Mechanical gyroscopes (such as the one found in the Inertial Measurement Unit of the Apollo guidance computer) consist of three gimbals (x, y and z).

Gimbal lock occurs when two of these end up in the same plane (ie parallel to one another). When this occurs, you can only now measure in two axes, rather than three. Not great when you’re trying to navigate round the 3-D void of space with few landmarks to give you an accurate position fix.

It used to be an issue in fighter aircraft too, before the introduction of laser ring gyros, as extreme nose up or nose down attitudes could cause it.

When you’re walking around or driving around it’s easy to know where you are because you have eyes and can see things like street signs and landmarks. When you’re in something like a submarine or a spaceship, it’s much harder. So how do you ever know where you are if you can’t look out a window?

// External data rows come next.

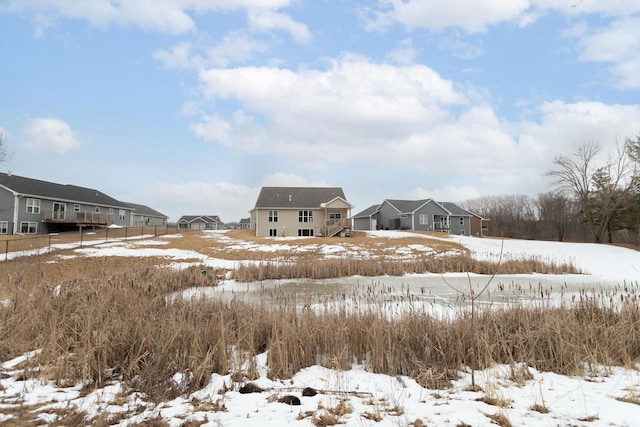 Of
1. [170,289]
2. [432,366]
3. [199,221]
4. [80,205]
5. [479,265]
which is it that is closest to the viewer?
[432,366]

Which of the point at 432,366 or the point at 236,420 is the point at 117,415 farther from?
the point at 432,366

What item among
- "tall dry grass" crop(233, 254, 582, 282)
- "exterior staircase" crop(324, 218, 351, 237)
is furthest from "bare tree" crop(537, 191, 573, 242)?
"tall dry grass" crop(233, 254, 582, 282)

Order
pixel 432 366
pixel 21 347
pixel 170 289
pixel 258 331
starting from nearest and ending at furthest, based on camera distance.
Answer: pixel 432 366 → pixel 21 347 → pixel 258 331 → pixel 170 289

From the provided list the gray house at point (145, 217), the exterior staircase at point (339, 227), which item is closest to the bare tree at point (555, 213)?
the exterior staircase at point (339, 227)

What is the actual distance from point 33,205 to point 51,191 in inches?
143

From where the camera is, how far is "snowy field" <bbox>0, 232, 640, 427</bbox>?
3197 mm

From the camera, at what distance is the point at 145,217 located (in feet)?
213

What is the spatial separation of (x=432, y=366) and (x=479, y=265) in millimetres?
15379

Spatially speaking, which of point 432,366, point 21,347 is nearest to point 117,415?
point 21,347

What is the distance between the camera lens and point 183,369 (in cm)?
443

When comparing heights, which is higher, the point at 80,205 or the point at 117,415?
the point at 80,205

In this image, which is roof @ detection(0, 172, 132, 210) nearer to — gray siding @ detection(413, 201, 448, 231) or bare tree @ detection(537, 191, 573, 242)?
gray siding @ detection(413, 201, 448, 231)

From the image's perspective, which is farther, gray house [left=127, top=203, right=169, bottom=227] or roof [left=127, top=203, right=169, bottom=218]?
Result: roof [left=127, top=203, right=169, bottom=218]

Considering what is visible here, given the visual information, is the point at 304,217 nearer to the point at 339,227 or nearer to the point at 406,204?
the point at 339,227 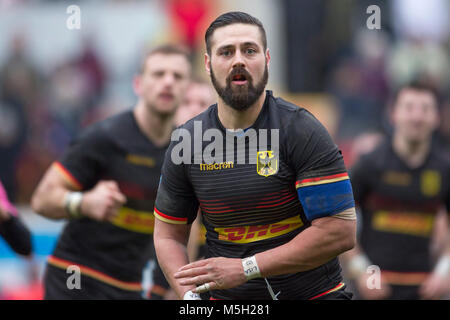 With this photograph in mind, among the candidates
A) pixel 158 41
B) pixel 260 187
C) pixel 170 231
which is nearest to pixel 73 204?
pixel 170 231

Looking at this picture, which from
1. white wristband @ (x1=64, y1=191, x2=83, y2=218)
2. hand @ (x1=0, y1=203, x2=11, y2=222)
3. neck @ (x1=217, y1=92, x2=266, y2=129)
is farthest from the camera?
white wristband @ (x1=64, y1=191, x2=83, y2=218)

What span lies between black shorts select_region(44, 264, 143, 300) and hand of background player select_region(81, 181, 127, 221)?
2.13 feet

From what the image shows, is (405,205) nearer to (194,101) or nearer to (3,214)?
(194,101)

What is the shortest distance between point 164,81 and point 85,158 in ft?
2.93

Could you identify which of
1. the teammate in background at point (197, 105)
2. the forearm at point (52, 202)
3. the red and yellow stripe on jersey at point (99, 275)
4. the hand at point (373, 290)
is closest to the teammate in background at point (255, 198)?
the forearm at point (52, 202)

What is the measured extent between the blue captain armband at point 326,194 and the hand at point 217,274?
495 millimetres

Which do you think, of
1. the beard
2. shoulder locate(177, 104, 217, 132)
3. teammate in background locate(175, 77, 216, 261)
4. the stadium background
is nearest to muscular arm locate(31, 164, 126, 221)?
shoulder locate(177, 104, 217, 132)

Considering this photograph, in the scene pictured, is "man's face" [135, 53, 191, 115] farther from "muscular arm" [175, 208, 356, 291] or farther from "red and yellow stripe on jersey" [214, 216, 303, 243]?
"muscular arm" [175, 208, 356, 291]

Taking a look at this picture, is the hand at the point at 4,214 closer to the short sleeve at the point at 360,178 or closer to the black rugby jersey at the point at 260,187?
the black rugby jersey at the point at 260,187

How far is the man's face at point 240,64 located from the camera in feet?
14.0

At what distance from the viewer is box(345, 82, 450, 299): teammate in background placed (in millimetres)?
7289

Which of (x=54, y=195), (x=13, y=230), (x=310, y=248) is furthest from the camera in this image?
(x=54, y=195)

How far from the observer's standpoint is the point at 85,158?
5891mm

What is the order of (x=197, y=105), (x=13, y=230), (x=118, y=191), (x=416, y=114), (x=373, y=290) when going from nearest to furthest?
1. (x=13, y=230)
2. (x=118, y=191)
3. (x=197, y=105)
4. (x=373, y=290)
5. (x=416, y=114) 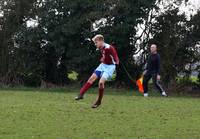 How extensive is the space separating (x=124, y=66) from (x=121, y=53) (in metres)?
0.78

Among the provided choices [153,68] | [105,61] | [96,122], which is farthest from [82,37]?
[96,122]

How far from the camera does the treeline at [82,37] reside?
29.8 meters

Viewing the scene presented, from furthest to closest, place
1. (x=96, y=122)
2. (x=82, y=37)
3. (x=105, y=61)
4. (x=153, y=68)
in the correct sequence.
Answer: (x=82, y=37) → (x=153, y=68) → (x=105, y=61) → (x=96, y=122)

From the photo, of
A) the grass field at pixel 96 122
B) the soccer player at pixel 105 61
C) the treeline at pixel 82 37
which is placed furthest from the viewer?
the treeline at pixel 82 37

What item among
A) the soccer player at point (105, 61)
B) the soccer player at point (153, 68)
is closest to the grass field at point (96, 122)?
the soccer player at point (105, 61)

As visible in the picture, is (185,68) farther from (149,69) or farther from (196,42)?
(149,69)

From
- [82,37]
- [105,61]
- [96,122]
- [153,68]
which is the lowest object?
[96,122]

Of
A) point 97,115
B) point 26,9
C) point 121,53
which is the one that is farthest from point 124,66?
point 97,115

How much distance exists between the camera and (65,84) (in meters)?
32.5

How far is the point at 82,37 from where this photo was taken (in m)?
30.7

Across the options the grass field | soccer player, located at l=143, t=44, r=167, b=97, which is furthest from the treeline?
the grass field

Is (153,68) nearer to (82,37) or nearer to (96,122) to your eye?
(82,37)

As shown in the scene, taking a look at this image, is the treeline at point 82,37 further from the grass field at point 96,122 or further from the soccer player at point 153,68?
the grass field at point 96,122

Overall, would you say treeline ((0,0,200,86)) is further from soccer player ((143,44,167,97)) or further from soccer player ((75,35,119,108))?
soccer player ((75,35,119,108)) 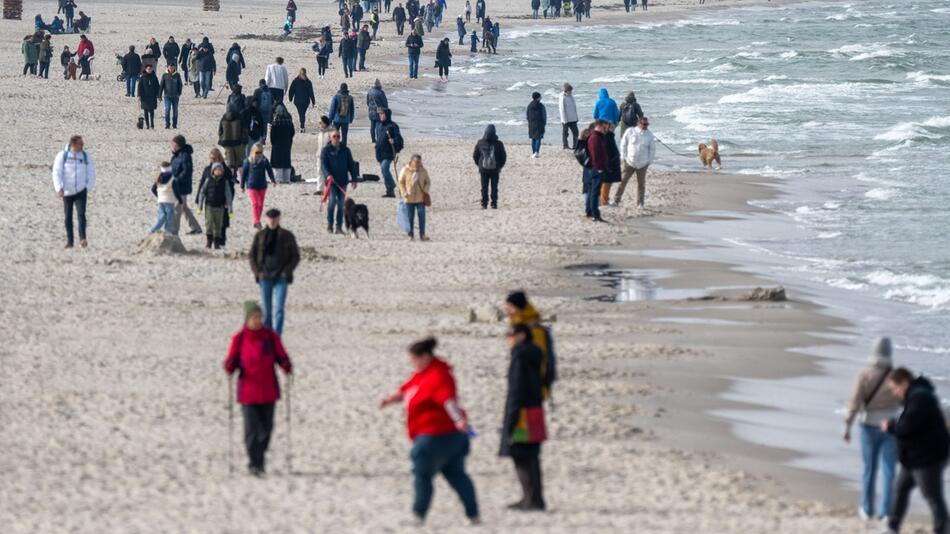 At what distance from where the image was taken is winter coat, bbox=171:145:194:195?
21219 mm

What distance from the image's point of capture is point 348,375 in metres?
15.5

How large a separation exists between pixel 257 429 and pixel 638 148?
14561 millimetres

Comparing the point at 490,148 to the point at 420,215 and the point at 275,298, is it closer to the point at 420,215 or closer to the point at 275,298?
the point at 420,215

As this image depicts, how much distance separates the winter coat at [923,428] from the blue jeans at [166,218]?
12.6m

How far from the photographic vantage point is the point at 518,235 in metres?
23.9

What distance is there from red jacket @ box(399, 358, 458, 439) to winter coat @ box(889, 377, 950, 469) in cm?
284

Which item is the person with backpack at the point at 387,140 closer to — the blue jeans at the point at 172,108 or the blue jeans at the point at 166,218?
the blue jeans at the point at 166,218

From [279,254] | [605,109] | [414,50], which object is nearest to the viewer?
[279,254]

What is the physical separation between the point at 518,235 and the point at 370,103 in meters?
7.77

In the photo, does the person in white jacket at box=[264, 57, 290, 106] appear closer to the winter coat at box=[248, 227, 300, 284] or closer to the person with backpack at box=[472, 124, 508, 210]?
the person with backpack at box=[472, 124, 508, 210]

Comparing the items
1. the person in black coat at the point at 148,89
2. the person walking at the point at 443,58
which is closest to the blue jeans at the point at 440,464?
the person in black coat at the point at 148,89

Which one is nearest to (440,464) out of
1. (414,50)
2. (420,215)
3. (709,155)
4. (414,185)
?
(414,185)

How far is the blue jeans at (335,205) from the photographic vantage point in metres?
22.8

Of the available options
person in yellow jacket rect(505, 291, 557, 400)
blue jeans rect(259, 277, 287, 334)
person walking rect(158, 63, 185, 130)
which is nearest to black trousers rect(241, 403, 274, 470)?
person in yellow jacket rect(505, 291, 557, 400) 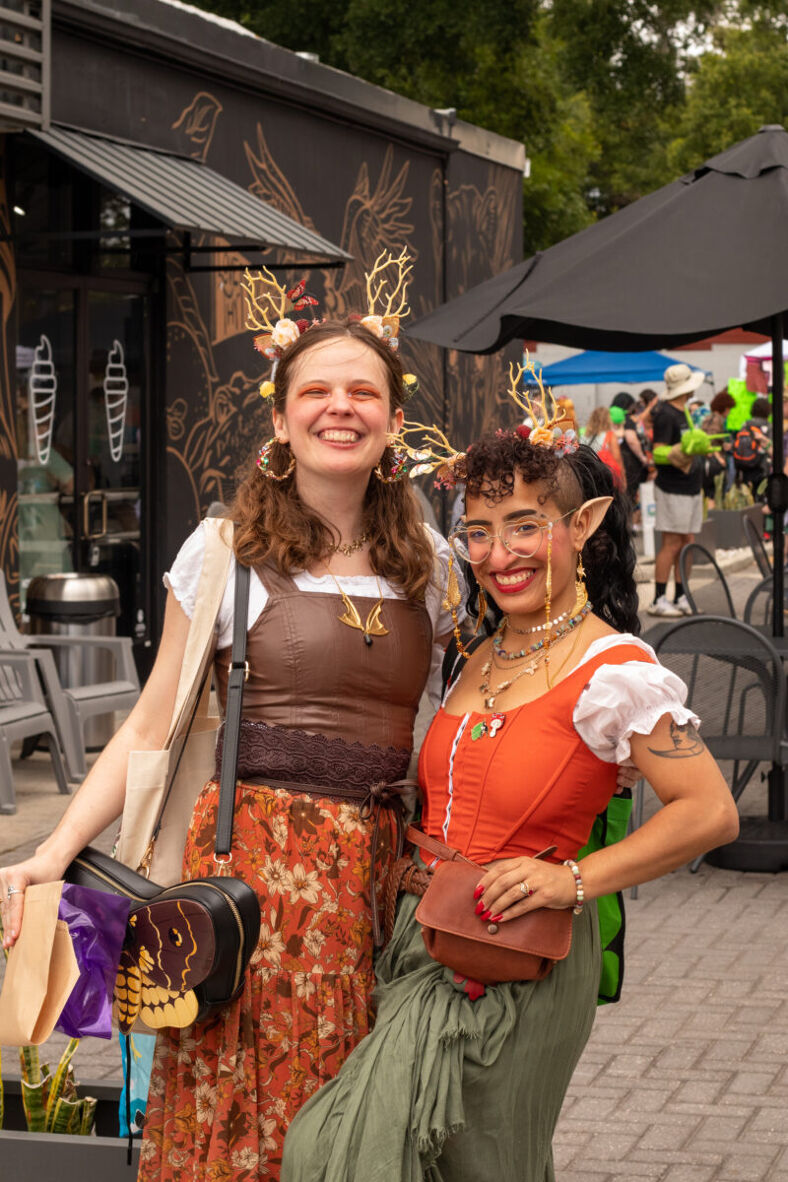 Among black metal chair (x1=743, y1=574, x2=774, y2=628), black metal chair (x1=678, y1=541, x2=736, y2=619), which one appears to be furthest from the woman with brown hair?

You use a series of rings called gimbals which spin around and they can basically tell you which direct you’re pointing in. If you combine that knowledge with something like how hard your engines are firing, or elapsed time, you can do math to figure out where you must be from a starting point. Gimbals like this are also called a gyroscope (each gimbal is one ring, 3 rings make a gyroscope).

In the case of the Apollo missions they ran into issues with the gimbals they sent up on the space ships where they “locked”, for whatever reason they stopped accurately reporting what direct the ship was facing. This is obviously suuuuper bad because the tiniest miscalculation meant the spaceship would likely just fly off into space forever or crash into the Earth or Moon. So they were forced to use a sextant and plot their position via the stars just like old timey sailors.

The mission logs actually have a pretty good description of what it is: https://history.nasa.gov/afj/ap13fj/12day4-approach-moon.html

A gimbal allows two boxes (one inside and one outside the gimbal) to rotate separately in three dimensions using three axis of rotation.

I’m the case of Apollo, it was used, IIRC, as part of the inertial measurement system (basically something that measure acceleration).

If two axis of rotation align, then the gimbal has one axis it cannot rotate around anymore (the wikipedia article has a pretty good illustration: https://en.wikipedia.org/wiki/Gimbal_lock along that axis anymore. Which means, there is a direction in which we can’t measure acceleration anymore. So we don’t know where we’re going.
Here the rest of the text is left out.